振り返ればキャンプデーヴィッドのまえからイスラエルとの和平テーブルにチーフ・ネゴシエーターとしてまた情報相としてTV最多出演、パレスチナのにっくき顔でした。一方的主張をまくしたてるアラファト好みを演じる主席交渉員エレカトは、わたしの最も嫌悪する同時代3バカのひとり。

アッバスが首相になってはじまったロードマップ和平案では、エレカトが外されたが、アッバスの抗議辞任後にエレカトが返り咲き。まぁたか、アラファト=エレカトのラインでは和平交渉ありえない。で、アッバス暫定自治政府になってからも、奇異なことにエレカトはまだ主席交渉員の座にあった。アラファト残党を排除できないアッバスとクレイの新体制を最初、疑問視したのでした。

あれから4ヶ月近く、あれよあれよという間にアッバスは武装派グループをてなづけた。その手腕で今回、アラファトの側近腐敗閣僚を一掃なるか、期待がもてた。とはいえ組閣は首相のクレイに実権がある。最初の閣僚人事案 では新閣僚がたった4人、旧態依然たる人事にファタ若手が反対、アラファトの古参汚職者を指名しないよう突き上げた。

●新人17名のテクノクラート内閣
そして24日あらためて提出された新内閣、首相+23人の顔ぶれは……新人が17人、ほとんどがパレスチナの政府機関で働いていたサラリーマン、ファタ派に属するが政治色のないその道の専門でいわゆるテクノクラートである。パレスチナ評議会(国会にあたる)は、賛成54、反対12、棄権4の賛成多数で同日承認した。エレカトを含む7人のアラファト古参が脱落、残った古参といえるのはクレイとシャースくらい。
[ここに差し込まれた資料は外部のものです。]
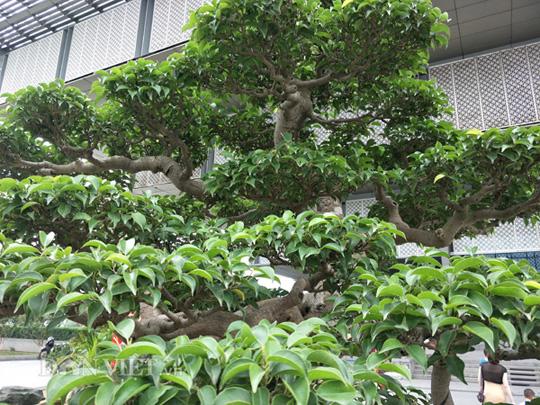 Có một không hai: Cây sanh cảnh amp;#34;khủngamp;#34; trả giá gần 10 tỷ không bán của ông giáo già - 5
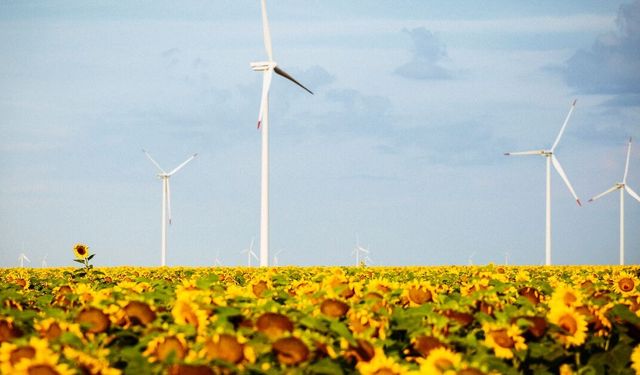 ING’nin iklim hedefleri, Bilimsel Tabanlı Hedefler Girişimi tarafından doğrulandı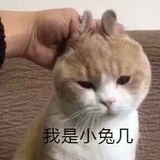 辞旧月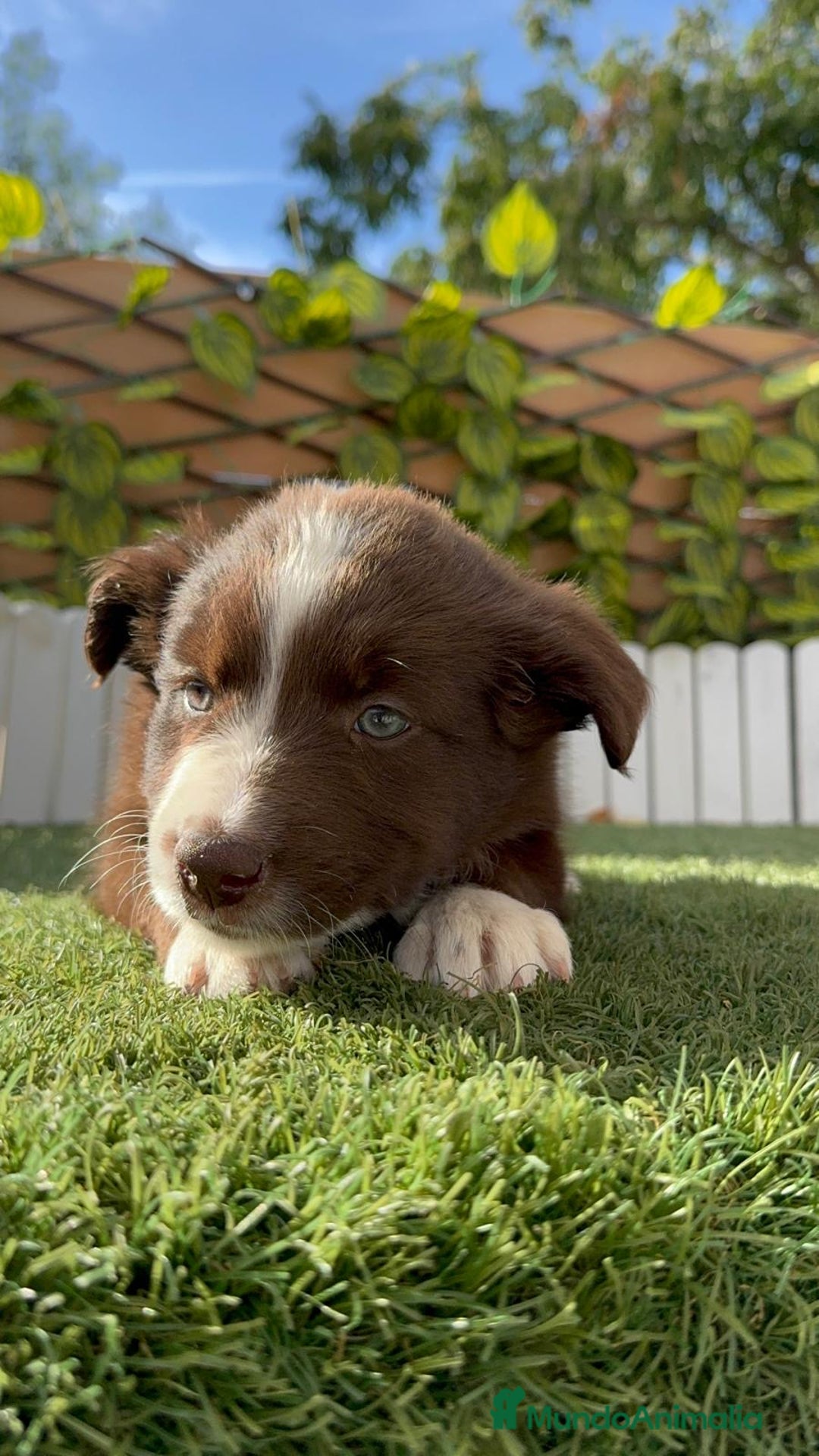 Border Collie perros en venta: BORDER COLLIE HEMBRA - Imagen 13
クレイ首相は外相シャースを副大統領兼情報相に残したのが唯一の達成で、評議会メンバーであるのはこの二人だけ。アッバス議長も腹心のナビル・アムル情報相を閣外に失った。しかし顔ぶれとしてはいい。ユセフ警察長官が内相に就任、ガザ地区の実力司令官ダランと治安面を担当する。この二人はイスラエルに信がある。

変わり種では、ベツレヘムのクリスチャン、バンダク氏が観光相。中東ではめずらしい女性大臣が二人。外相にはアラファトのおいキドワ国連大使が起用された。これは能力本意で縁故のひいきではない。

新政権のトップ3人、アッバス、クレイ、シャースはオスロ合意の立役者だった。目の黒いうちに中東和平を実現したいだろう。まずは7月の評議会議員総選挙でファタ古参の再進出を阻止できるかが焦点となる。(了)

追記:以上書いたところで自爆テロのニュース、テルアビブで死亡4人負傷者50名。楽観できませんね。